At first glance, Theo’s General Store looks like it’s always been here — the kind of place where you stop in for coffee and leave with something you didn’t know you needed. A jar of small-batch local honey. A coffee table book on Vietnam. A loaf of bread you’ll think about all afternoon. A reason to linger.

But Theo’s is also very intentionally new, as the community will find out soon it opens today, Friday, Feb. 13 at 126 Old Ridgefield Rd. in Wilton Center.

Jacob Fisher and Casey Romaine, the owners of Theo’s General Store, with their son, Theo. Credit: contributed / Theo's General Store

The spot was founded by a young couple who moved to from New York to Wilton in 2024, Jacob Fisher and Casey Romaine. Fisher grew up in Ridgefield, and the two would often come up from their Long Island City home and spend weekends visiting his parents in Connecticut.

They found an historic 1774 home in Wilton they fell in love with, “a gem of a place in Wilton that needed a complete renovation,” Romaine described. Fisher, an artist who creates large-scale site-specific installations, took on the work himself.

“We were spending even more time in this area, planning the wedding and getting everything settled,” she continued. That included getting to know Wilton better, and making it their own.

“Wilton is this funny place where there’s a lot of people here and there’s nothing really going on,” she says. “The people here are amazing… but it just felt like a strange situation to have to go to all these other towns to get, like, a nice cheese maybe, or to get a housewarming gift for someone.”

Theo’s was born from that gap, with the concept of a conventional New England general store to give Wilton residents a one-stop shopping experience with a curated selection of the best the area has to offer.

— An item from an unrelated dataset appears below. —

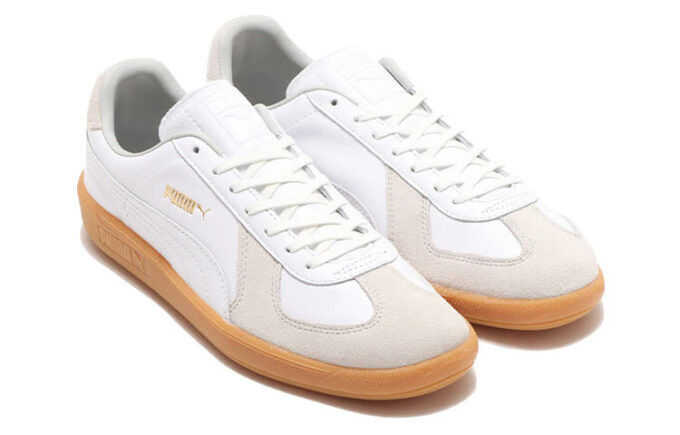 Armétrener &laquo;Hvit grå tyggegummi&raquo;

“We were trying to figure out how we could create a store that took care of several things that we felt were missing,” she says, “and how could we kind of bring that all together in one place?”

The answer was a modern general store — flexible by design, rooted in food, and built to grow with the town.

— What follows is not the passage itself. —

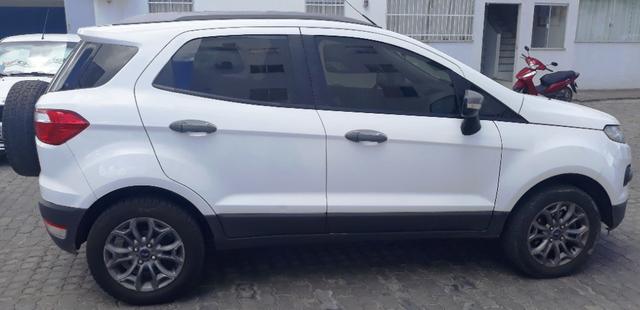 Ford Ecosport Freestyle 1.6 (Flex) - 2013/14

The couple has created a specialty goods retail store and coffee bar combo that’s meant to marry destination shopping with a community gathering space.

On the display shelves are carefully curated items, including international pantry staples — olive oils, condiments, tinned fish, chocolates and other delicacies; and distinctive home goods and gifts — handmade ceramics, glassware, candles, coffee table books and one-of-a-kind items from local artisans.

Theo’s will also offer a selection of pastries supplied from off-site vendors, including the artisanal bakery Fatto a Mano in Norwalk, and a small seating section for patrons.

Several items reflect the couple’s personal tastes mixed in with local purpose. One of Romaine’s standouts? Japanese specialty condiments.

“One of our favorite spice condiments is yuzu kosho,” she says. “We found this incredible brand that makes small batch yuzu kosho… in a squeeze pouch — easier to use, fun to add to your cooking. Delicious. Just delicious.”

Another favorite is a masa harina corn flour sourced from Mexico. “They’re actually employee-owned, and it’s a B Corp,” she explains. “They source single-origin corn from Mexico to make incredible corn flour.”

Even the coffee tells a story.

“We were starting to think about what could we do that might be a little bit of a different offering,” she says. After traveling to Vietnam, the answer became clear. “They have an incredible coffee culture. The coffee is amazing.”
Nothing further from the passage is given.